WHAT IS REQUIRED:
No pictures go into the copy. Write out every line below exactly.

DATASET SECTION:
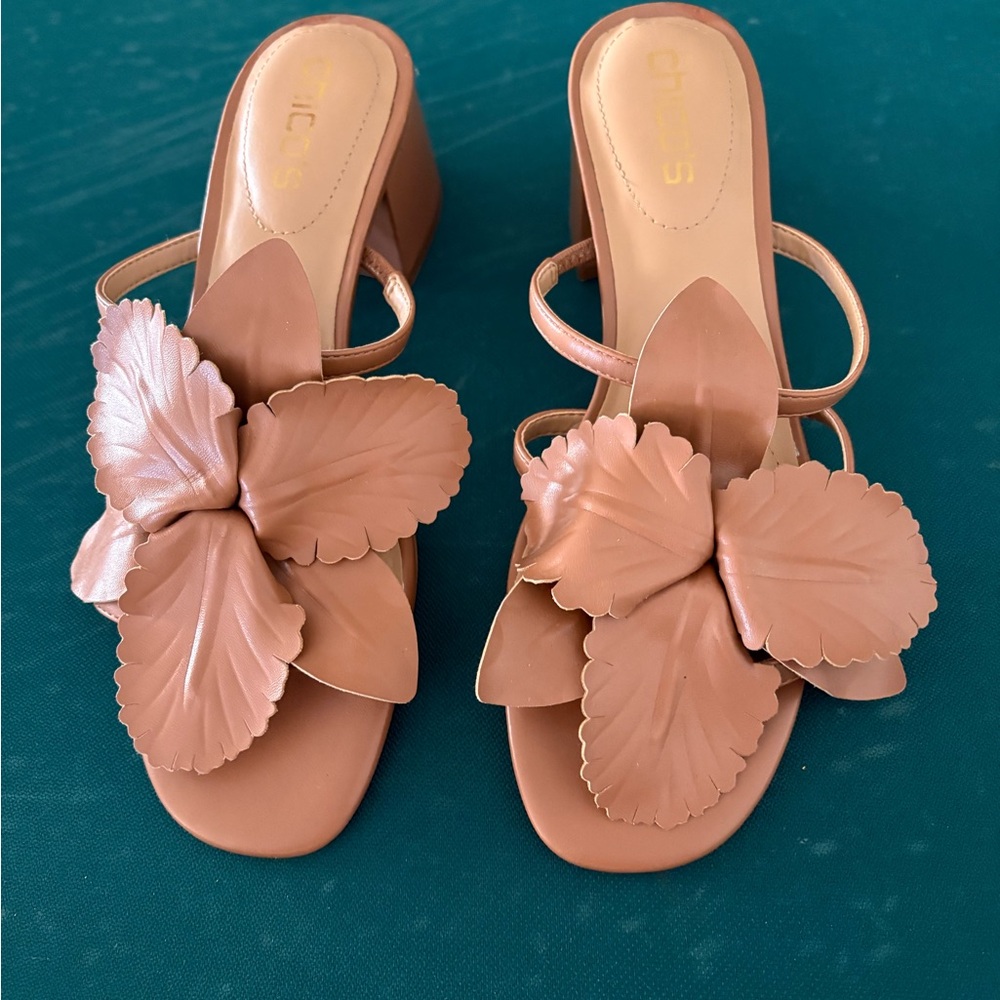 Chico's Coral-Tan Floral Leather Slide Mules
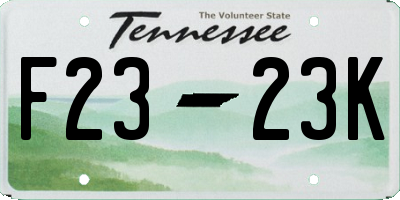 TN license plate F2323K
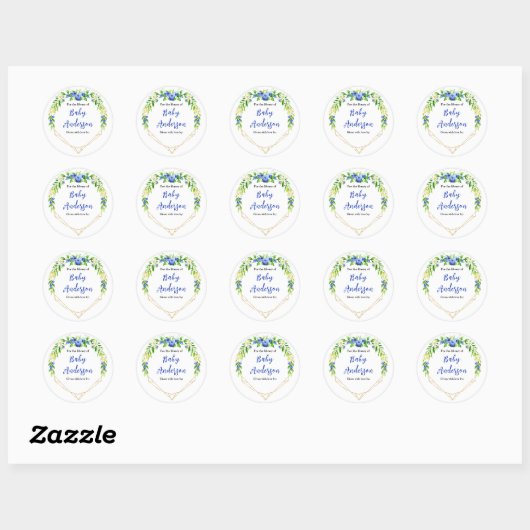 Berry Sweet Blueberry Baby shower Bookplate Ronde Sticker (Vel)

RESULT:
 Chico's Coral-Tan Floral Leather Slide Mules
 TN license plate F2323K
 Berry Sweet Blueberry Baby shower Bookplate Ronde Sticker (Vel)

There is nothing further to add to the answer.